Graduate Student Susan Rashid Horn has accepted an Assistant Professor position at Clayton State University, part of the Georgia State system.  She will be teaching writing courses and setting up a Writing Center. 

Instructor Jody Lisberger has been invited to join the MFA in Writing faculty for the brief residency program at Spalding University in Louisville, Kentucky.

Alumna Theresa DeFrancis has been hired as a Visiting Assistant Professor in the English Education Program at Salem State University.
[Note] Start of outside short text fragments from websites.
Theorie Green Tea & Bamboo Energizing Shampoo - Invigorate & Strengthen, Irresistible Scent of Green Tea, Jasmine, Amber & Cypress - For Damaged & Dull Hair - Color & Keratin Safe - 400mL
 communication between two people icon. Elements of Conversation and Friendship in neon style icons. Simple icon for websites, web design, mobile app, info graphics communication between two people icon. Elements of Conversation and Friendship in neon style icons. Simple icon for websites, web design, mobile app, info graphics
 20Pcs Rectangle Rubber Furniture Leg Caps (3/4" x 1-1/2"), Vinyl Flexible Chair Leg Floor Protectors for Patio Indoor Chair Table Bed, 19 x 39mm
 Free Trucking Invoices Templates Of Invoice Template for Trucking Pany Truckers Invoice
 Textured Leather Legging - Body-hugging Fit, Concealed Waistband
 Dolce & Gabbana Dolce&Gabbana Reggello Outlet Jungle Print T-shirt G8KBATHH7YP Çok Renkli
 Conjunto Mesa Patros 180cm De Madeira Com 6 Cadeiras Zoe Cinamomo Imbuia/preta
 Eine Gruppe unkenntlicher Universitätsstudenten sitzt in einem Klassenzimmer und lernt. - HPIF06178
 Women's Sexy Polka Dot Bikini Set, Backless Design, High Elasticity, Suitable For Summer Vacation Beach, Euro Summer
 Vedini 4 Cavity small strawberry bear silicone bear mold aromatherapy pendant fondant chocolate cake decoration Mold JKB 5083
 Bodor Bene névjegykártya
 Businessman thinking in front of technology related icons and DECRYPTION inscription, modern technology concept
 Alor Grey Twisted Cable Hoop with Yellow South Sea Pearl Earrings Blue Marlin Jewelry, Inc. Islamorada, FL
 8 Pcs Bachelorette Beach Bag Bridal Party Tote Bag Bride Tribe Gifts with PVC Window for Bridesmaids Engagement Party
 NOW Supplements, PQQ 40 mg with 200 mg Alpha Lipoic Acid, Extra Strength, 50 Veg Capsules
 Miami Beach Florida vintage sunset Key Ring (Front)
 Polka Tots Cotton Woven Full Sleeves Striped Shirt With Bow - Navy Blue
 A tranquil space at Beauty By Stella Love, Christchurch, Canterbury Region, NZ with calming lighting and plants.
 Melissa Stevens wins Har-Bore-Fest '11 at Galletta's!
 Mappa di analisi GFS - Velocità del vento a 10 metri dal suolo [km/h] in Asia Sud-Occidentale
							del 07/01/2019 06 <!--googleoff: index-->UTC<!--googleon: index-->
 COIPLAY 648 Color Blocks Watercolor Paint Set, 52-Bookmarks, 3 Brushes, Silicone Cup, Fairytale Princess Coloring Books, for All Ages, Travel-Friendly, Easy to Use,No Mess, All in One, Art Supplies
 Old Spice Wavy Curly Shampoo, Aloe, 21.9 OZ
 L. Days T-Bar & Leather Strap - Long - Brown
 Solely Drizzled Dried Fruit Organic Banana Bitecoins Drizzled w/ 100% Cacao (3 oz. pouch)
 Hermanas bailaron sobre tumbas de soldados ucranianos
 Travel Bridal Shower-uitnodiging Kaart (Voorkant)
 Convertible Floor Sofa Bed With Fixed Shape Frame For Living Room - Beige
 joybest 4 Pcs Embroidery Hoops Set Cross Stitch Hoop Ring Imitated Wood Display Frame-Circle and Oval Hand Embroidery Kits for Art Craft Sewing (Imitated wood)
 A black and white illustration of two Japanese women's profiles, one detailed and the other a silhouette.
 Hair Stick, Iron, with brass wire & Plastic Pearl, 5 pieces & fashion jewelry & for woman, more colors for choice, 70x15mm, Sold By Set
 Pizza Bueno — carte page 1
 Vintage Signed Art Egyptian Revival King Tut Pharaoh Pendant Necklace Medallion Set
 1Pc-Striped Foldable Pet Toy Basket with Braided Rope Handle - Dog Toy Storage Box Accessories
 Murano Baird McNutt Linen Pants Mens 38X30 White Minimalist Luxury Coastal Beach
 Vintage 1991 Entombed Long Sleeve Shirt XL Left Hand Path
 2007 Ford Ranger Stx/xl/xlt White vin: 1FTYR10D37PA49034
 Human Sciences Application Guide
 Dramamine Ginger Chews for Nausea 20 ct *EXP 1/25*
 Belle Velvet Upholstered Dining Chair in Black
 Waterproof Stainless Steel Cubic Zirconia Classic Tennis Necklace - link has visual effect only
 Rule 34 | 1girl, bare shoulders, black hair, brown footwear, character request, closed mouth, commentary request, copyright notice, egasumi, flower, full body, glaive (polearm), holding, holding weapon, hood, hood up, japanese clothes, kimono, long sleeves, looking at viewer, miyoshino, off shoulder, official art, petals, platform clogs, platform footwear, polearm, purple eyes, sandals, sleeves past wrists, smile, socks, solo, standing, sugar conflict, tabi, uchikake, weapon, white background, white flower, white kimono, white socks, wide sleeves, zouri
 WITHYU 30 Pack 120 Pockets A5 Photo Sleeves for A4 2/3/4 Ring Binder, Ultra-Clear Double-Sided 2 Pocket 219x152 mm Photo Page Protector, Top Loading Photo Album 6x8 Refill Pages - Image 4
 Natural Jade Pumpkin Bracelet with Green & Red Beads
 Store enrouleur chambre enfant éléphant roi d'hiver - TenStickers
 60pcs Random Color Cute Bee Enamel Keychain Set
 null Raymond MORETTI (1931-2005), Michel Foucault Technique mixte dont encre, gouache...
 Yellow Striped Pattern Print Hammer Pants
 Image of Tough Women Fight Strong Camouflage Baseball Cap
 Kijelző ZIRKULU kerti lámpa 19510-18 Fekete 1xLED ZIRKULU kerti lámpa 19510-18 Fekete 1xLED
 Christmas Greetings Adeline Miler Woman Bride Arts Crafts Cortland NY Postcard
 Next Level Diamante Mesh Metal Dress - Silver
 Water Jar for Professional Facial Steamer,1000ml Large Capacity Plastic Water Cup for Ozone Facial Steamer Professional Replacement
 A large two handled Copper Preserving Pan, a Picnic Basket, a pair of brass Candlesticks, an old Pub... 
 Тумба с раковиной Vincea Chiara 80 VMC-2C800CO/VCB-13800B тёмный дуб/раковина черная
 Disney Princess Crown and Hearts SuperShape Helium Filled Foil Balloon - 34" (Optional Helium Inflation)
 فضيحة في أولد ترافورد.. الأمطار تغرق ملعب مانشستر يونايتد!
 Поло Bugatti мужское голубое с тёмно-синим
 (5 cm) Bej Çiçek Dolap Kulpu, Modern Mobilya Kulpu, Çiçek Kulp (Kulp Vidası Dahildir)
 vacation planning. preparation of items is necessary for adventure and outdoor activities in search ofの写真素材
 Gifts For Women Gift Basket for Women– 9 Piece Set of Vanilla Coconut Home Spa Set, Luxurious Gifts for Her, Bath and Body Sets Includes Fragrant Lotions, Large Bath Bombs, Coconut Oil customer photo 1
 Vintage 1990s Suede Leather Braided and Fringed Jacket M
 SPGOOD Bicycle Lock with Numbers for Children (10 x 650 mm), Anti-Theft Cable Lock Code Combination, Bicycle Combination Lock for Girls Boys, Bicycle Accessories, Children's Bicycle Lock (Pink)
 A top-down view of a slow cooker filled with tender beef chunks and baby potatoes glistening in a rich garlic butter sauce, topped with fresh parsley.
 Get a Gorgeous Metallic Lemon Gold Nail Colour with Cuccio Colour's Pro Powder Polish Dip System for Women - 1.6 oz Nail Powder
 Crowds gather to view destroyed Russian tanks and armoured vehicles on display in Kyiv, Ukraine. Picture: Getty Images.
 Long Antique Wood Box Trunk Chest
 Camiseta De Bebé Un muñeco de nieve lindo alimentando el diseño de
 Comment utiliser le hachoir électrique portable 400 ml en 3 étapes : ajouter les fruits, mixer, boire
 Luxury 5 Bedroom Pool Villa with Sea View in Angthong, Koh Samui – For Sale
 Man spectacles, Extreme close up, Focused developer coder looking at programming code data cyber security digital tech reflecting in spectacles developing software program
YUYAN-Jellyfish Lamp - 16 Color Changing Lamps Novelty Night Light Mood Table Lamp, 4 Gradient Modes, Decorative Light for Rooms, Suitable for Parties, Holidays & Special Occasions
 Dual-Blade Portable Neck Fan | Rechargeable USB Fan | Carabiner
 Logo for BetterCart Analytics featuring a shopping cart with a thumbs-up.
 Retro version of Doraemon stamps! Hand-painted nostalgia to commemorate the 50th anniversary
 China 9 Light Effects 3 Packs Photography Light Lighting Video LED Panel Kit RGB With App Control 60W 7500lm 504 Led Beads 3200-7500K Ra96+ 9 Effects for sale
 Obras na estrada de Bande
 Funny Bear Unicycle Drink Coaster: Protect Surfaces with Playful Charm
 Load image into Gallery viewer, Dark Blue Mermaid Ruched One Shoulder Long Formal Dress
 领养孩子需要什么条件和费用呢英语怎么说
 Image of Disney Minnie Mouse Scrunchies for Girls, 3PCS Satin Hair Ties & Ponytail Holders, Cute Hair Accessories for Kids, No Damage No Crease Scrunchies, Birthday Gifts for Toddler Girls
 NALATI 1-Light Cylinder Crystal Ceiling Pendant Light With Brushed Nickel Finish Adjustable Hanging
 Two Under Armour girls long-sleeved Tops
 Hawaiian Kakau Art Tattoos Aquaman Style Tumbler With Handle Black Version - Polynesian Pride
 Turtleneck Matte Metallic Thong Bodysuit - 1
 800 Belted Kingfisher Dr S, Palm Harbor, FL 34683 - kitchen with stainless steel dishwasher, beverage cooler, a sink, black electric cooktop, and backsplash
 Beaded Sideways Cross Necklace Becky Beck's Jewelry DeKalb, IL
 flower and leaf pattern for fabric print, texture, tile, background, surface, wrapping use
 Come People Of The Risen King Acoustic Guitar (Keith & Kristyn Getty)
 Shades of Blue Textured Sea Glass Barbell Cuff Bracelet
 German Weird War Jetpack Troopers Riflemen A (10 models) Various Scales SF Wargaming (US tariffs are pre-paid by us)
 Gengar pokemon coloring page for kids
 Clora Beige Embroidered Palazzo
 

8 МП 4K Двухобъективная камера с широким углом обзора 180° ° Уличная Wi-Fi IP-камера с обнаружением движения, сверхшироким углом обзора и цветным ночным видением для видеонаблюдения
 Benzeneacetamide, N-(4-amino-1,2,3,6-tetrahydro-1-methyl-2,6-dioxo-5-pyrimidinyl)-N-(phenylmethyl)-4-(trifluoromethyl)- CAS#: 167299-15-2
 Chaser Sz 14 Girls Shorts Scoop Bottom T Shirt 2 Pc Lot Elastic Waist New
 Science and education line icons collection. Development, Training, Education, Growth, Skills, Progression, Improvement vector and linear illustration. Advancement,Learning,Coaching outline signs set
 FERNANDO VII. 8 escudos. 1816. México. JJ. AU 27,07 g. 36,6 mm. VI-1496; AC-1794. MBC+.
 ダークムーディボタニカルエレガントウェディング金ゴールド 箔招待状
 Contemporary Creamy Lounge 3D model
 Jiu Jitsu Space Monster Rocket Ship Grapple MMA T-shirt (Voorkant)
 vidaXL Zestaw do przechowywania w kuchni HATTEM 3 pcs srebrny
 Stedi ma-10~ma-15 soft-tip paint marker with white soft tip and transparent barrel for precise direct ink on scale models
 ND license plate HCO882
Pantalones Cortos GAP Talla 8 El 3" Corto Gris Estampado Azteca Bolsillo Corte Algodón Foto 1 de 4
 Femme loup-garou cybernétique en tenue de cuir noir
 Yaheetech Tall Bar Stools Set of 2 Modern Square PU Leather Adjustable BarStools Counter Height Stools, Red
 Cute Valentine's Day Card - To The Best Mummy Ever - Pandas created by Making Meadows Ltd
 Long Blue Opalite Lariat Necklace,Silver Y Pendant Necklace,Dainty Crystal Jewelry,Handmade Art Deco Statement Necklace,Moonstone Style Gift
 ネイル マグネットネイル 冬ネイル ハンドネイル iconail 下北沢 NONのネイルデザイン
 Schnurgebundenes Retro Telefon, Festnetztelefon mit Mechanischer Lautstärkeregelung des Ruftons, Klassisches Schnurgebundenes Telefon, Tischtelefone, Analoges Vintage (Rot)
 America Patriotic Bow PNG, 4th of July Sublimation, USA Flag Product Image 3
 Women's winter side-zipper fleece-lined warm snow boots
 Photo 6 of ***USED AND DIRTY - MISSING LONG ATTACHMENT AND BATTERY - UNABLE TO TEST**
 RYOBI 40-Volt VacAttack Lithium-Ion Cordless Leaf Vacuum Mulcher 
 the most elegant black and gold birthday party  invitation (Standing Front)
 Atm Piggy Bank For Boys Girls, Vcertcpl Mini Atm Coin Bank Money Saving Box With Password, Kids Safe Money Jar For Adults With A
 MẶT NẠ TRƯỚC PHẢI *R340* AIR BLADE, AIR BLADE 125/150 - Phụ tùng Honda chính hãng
She will be teaching undergraduate and graduate methods and literature courses as well as supervising student teachers who have been placed at area high schools.

Graduate Student Theo Greenblatt has accepted a full-time permanent position as English Instructor at the Naval Academy Preparatory School, a one-year post-secondary program, in Newport.

Graduate Student Maria Glade has received a one-year, full-time appointment at Salve Regina University.

Awards: Early Modern Literature and Culture

Assistant Professor Travis D. Williams has received a fellowship from the Folger Shakespeare Library, Washington, D.C., to support one month of research in the summer of 2007. Professor Williams will spend the month developing a book provisionally entitled Shakespeare's Arithmetic: Literature, Rhetoric, and Early Modern Mathematics.

 

Awards: Fiction

Instructor Amity Gaige is going to be featured before the National Book Awards as one of five writers under 35 selected by the finalists for the National Book Awards from last year - the first time the National Book Foundation has given this recognition. She was selected for the award by author Christopher Sorrentino.